==== DATA RECORDS ====

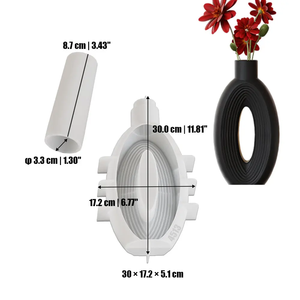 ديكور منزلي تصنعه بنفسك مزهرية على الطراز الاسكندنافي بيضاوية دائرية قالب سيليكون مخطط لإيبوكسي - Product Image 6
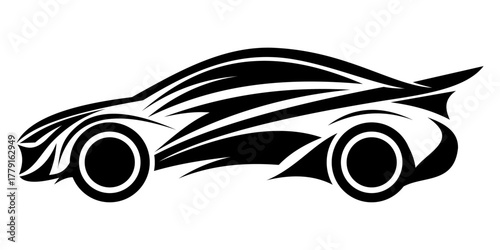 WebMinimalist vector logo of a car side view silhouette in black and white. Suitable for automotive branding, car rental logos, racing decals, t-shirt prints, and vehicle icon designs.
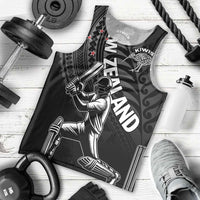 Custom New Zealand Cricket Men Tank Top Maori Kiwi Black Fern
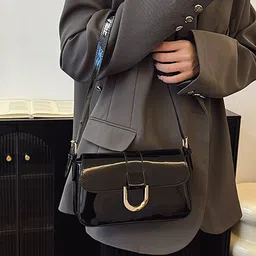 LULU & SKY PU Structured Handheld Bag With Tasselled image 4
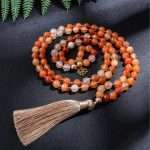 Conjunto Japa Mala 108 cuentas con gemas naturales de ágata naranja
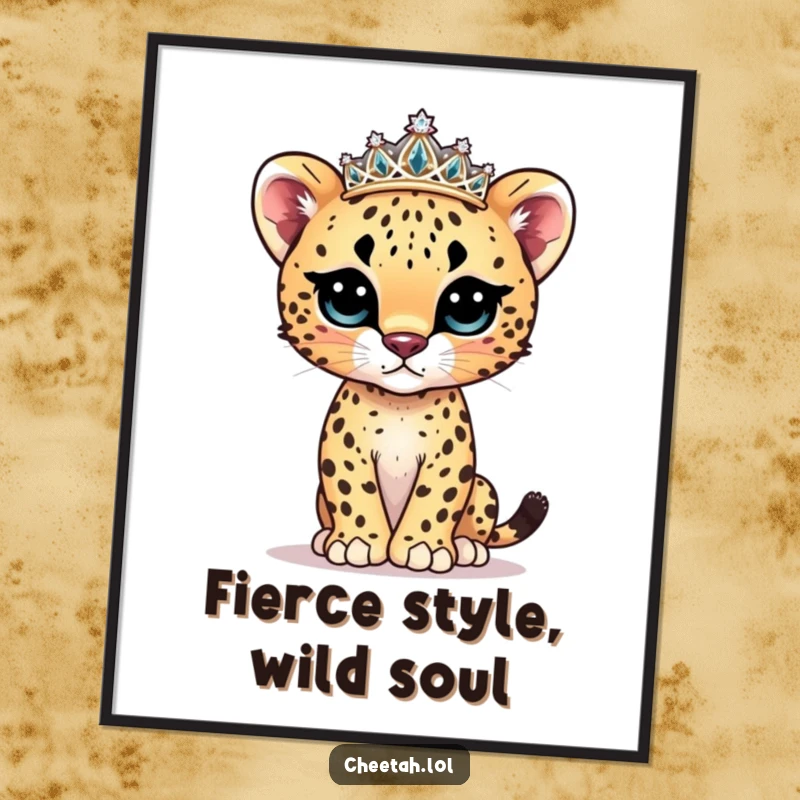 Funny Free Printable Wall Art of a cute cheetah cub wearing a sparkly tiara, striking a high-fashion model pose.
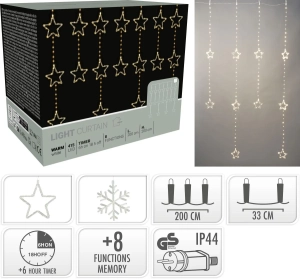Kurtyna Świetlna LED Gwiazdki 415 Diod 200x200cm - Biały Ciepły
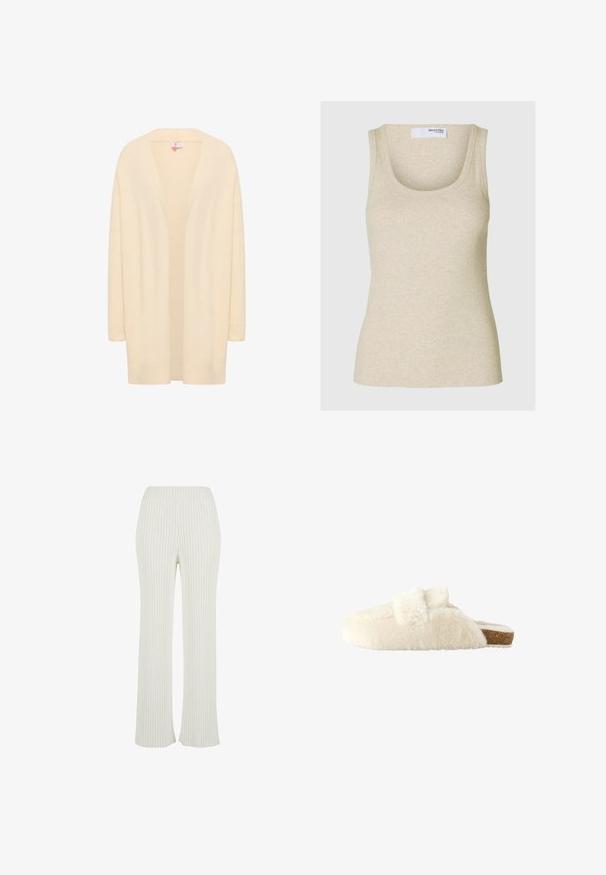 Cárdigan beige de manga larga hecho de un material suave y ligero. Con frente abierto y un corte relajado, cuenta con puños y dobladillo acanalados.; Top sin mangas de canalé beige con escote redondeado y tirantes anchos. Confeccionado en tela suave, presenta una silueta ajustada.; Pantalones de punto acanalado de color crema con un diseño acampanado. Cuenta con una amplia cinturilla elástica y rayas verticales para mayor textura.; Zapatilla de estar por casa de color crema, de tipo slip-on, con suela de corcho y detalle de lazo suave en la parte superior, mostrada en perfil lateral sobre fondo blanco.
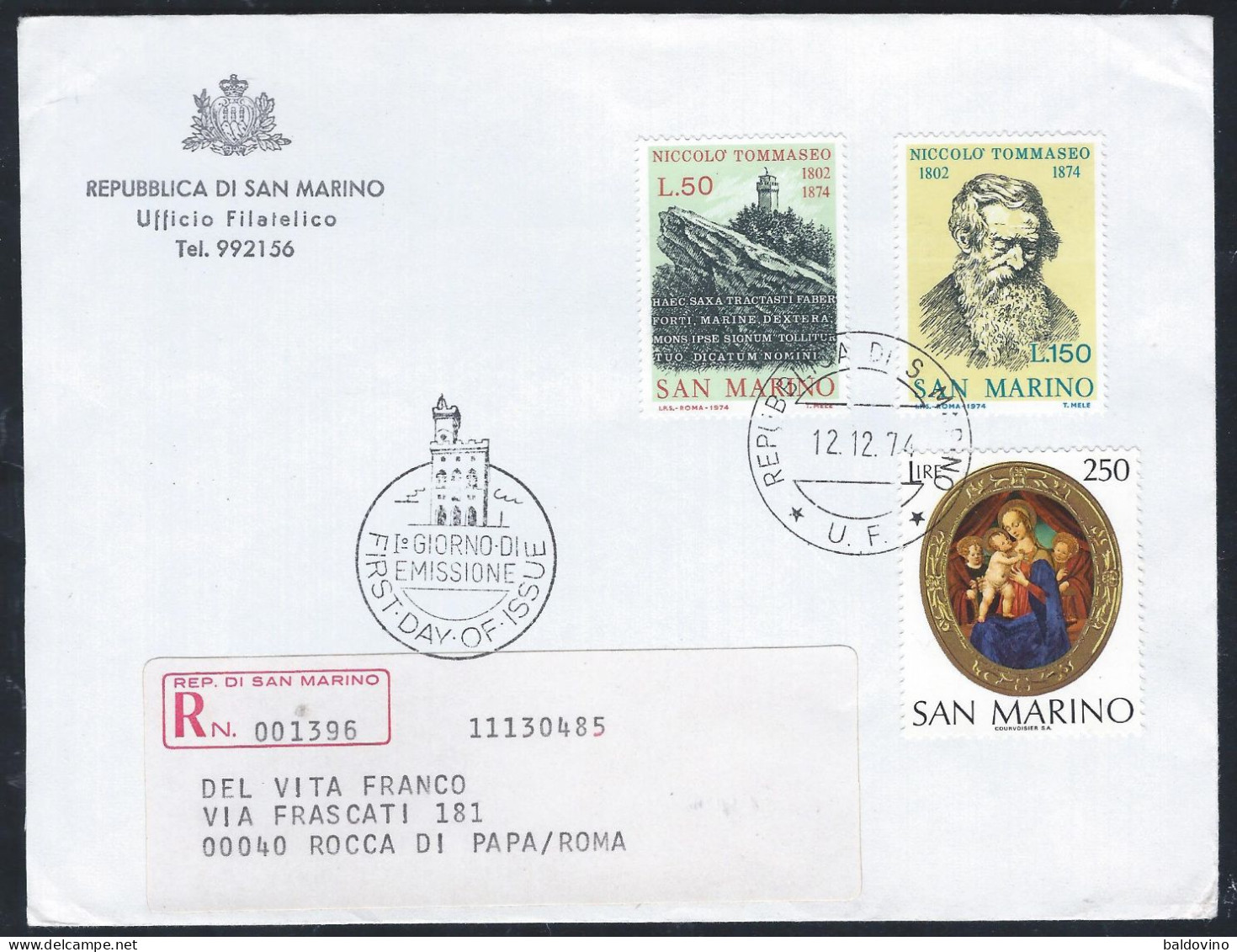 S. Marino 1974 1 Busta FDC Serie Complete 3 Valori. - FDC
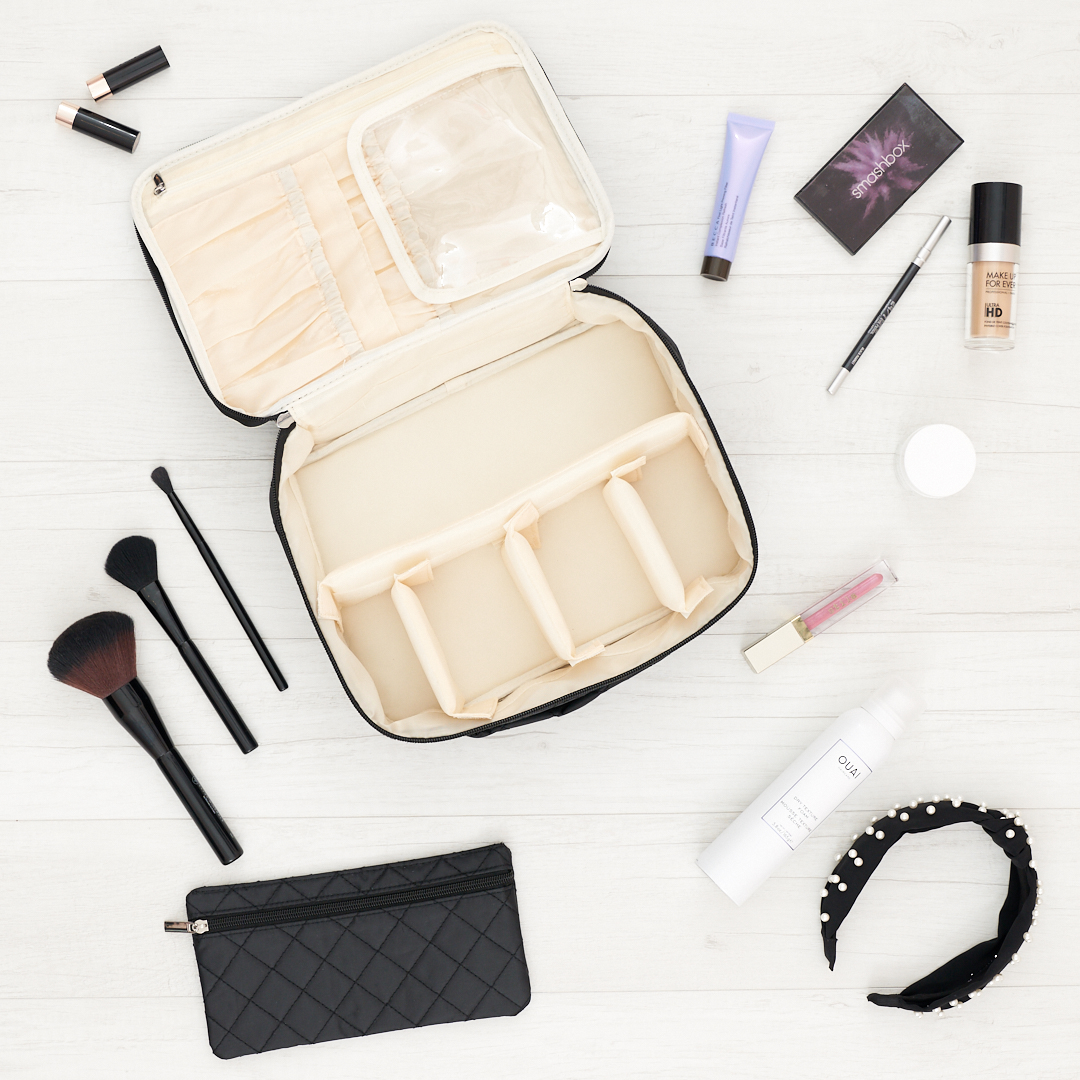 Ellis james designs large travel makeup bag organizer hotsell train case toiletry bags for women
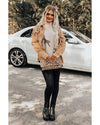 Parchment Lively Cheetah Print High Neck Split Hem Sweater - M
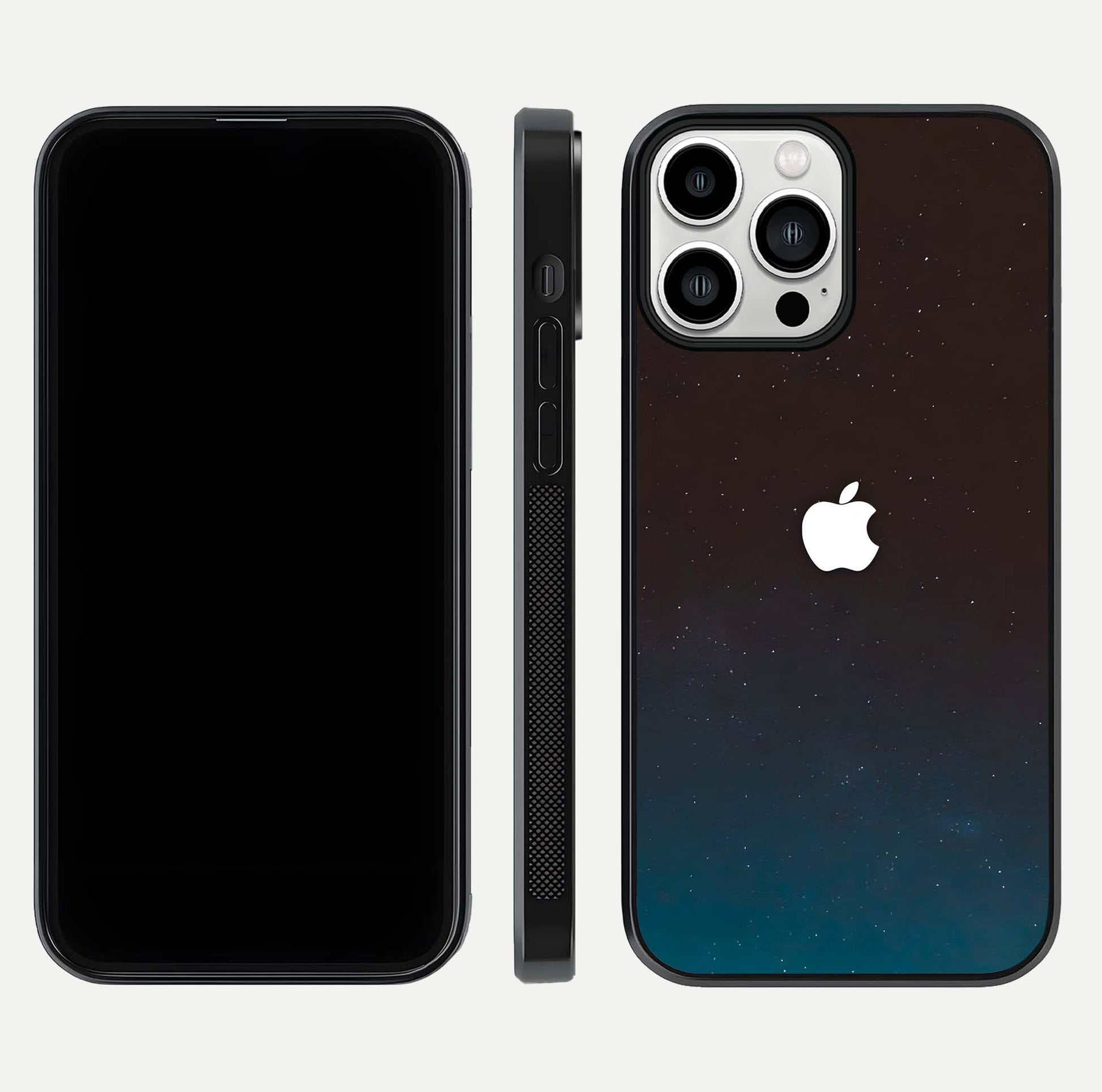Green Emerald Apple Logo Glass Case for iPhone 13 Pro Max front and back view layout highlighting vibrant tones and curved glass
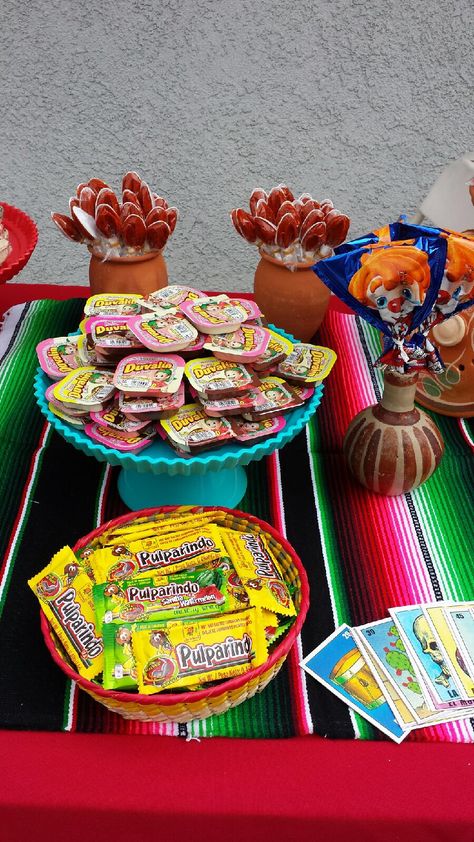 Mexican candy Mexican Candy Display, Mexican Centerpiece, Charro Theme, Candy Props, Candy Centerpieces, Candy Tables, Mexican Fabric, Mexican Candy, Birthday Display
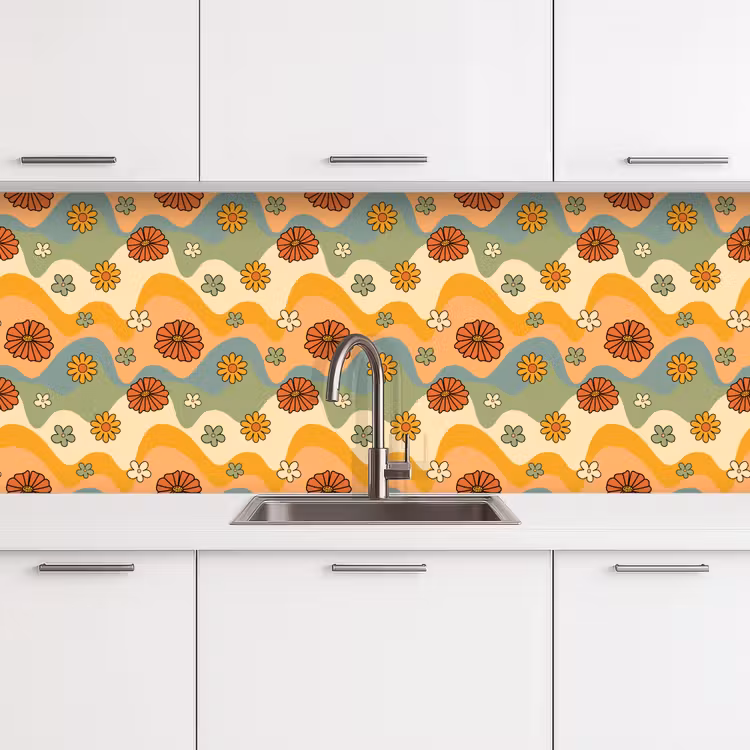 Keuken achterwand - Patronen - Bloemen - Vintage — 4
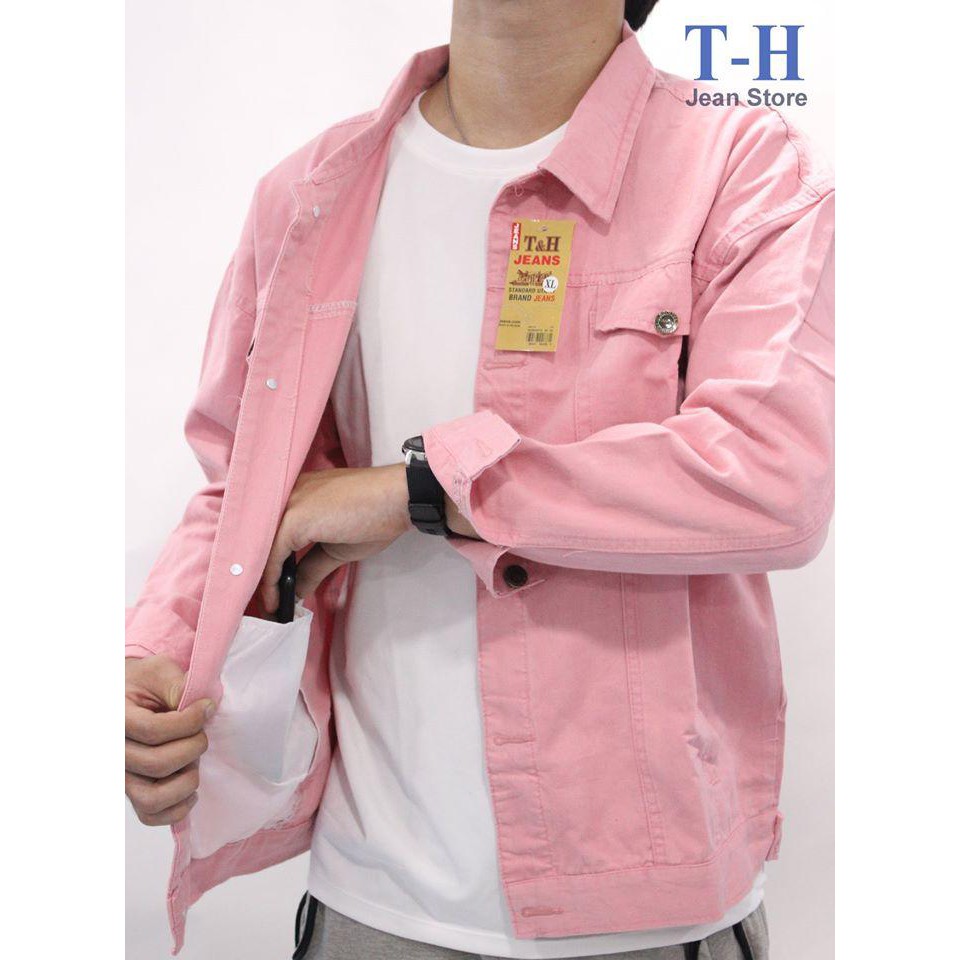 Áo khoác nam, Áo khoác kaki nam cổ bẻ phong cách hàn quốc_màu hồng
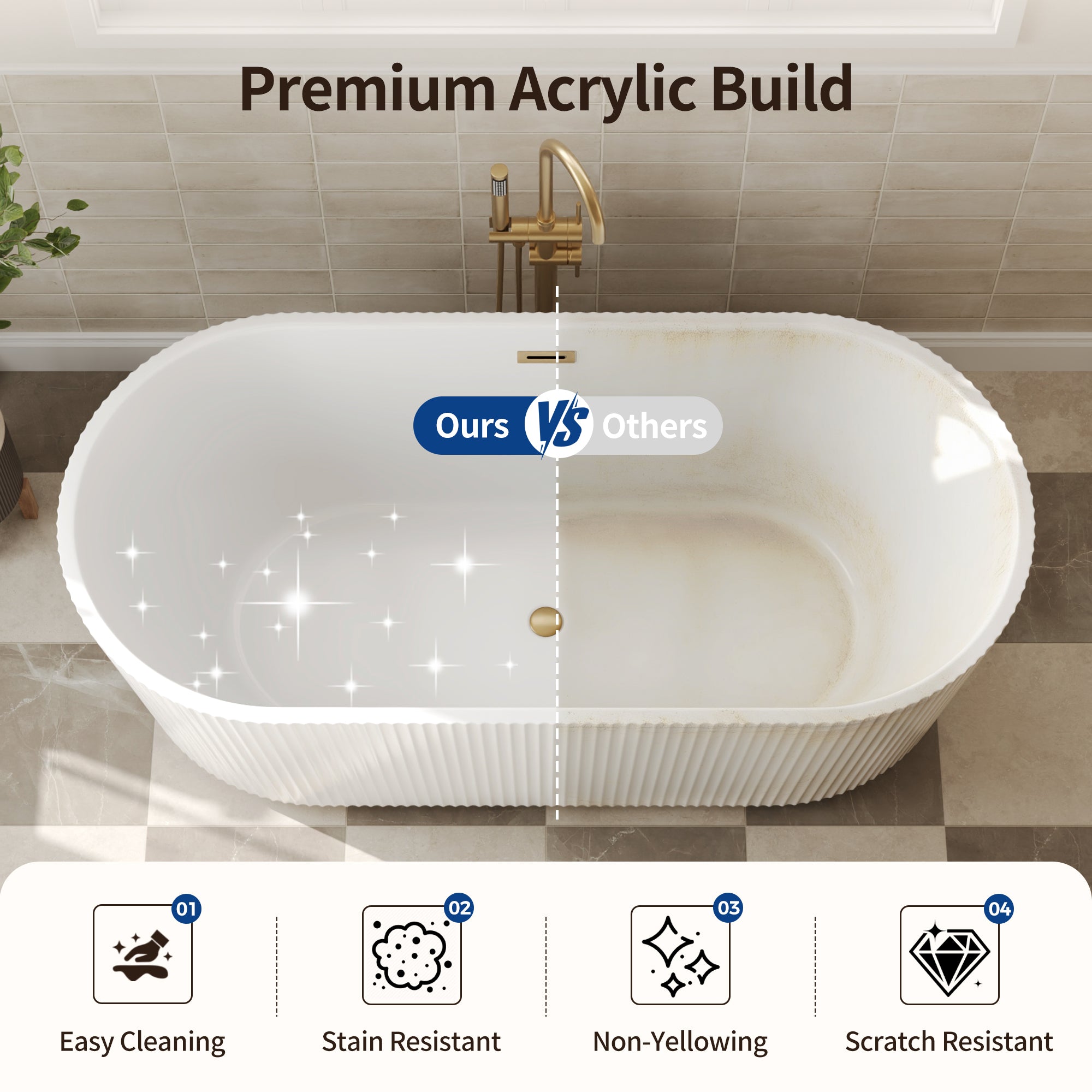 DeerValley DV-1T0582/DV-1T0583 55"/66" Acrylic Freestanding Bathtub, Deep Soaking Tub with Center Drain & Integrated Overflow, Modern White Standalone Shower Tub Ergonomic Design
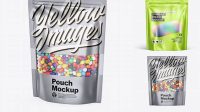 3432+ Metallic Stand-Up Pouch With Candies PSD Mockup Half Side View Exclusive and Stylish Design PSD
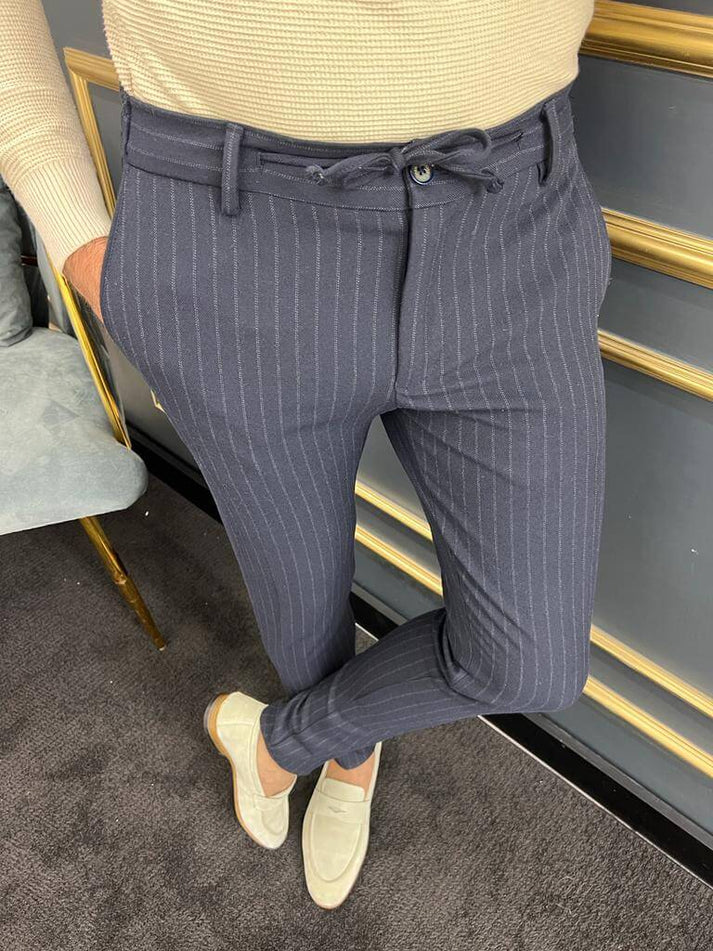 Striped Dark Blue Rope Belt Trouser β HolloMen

====

If a picture appears among the entries, omit it and reproduce everything else exactly.

 ديكور منزلي تصنعه بنفسك مزهرية على الطراز الاسكندنافي بيضاوية دائرية قالب سيليكون مخطط لإيبوكسي - Product Image 6
 WebMinimalist vector logo of a car side view silhouette in black and white. Suitable for automotive branding, car rental logos, racing decals, t-shirt prints, and vehicle icon designs.
 Custom New Zealand Cricket Men Tank Top Maori Kiwi Black Fern
 LULU & SKY PU Structured Handheld Bag With Tasselled image 4
 Conjunto Japa Mala 108 cuentas con gemas naturales de ágata naranja
 Funny Free Printable Wall Art of a cute cheetah cub wearing a sparkly tiara, striking a high-fashion model pose.
Kurtyna Świetlna LED Gwiazdki 415 Diod 200x200cm - Biały Ciepły
 Cárdigan beige de manga larga hecho de un material suave y ligero. Con frente abierto y un corte relajado, cuenta con puños y dobladillo acanalados.; Top sin mangas de canalé beige con escote redondeado y tirantes anchos. Confeccionado en tela suave, presenta una silueta ajustada.; Pantalones de punto acanalado de color crema con un diseño acampanado. Cuenta con una amplia cinturilla elástica y rayas verticales para mayor textura.; Zapatilla de estar por casa de color crema, de tipo slip-on, con suela de corcho y detalle de lazo suave en la parte superior, mostrada en perfil lateral sobre fondo blanco.
 S. Marino 1974 1 Busta FDC Serie Complete 3 Valori. - FDC
 Ellis james designs large travel makeup bag organizer hotsell train case toiletry bags for women
 Parchment Lively Cheetah Print High Neck Split Hem Sweater - M
Green Emerald Apple Logo Glass Case for iPhone 13 Pro Max front and back view layout highlighting vibrant tones and curved glass
 Mexican candy Mexican Candy Display, Mexican Centerpiece, Charro Theme, Candy Props, Candy Centerpieces, Candy Tables, Mexican Fabric, Mexican Candy, Birthday Display
 Keuken achterwand - Patronen - Bloemen - Vintage — 4
 Áo khoác nam, Áo khoác kaki nam cổ bẻ phong cách hàn quốc_màu hồng
 DeerValley DV-1T0582/DV-1T0583 55"/66" Acrylic Freestanding Bathtub, Deep Soaking Tub with Center Drain & Integrated Overflow, Modern White Standalone Shower Tub Ergonomic Design
 3432+ Metallic Stand-Up Pouch With Candies PSD Mockup Half Side View Exclusive and Stylish Design PSD
 Striped Dark Blue Rope Belt Trouser β HolloMen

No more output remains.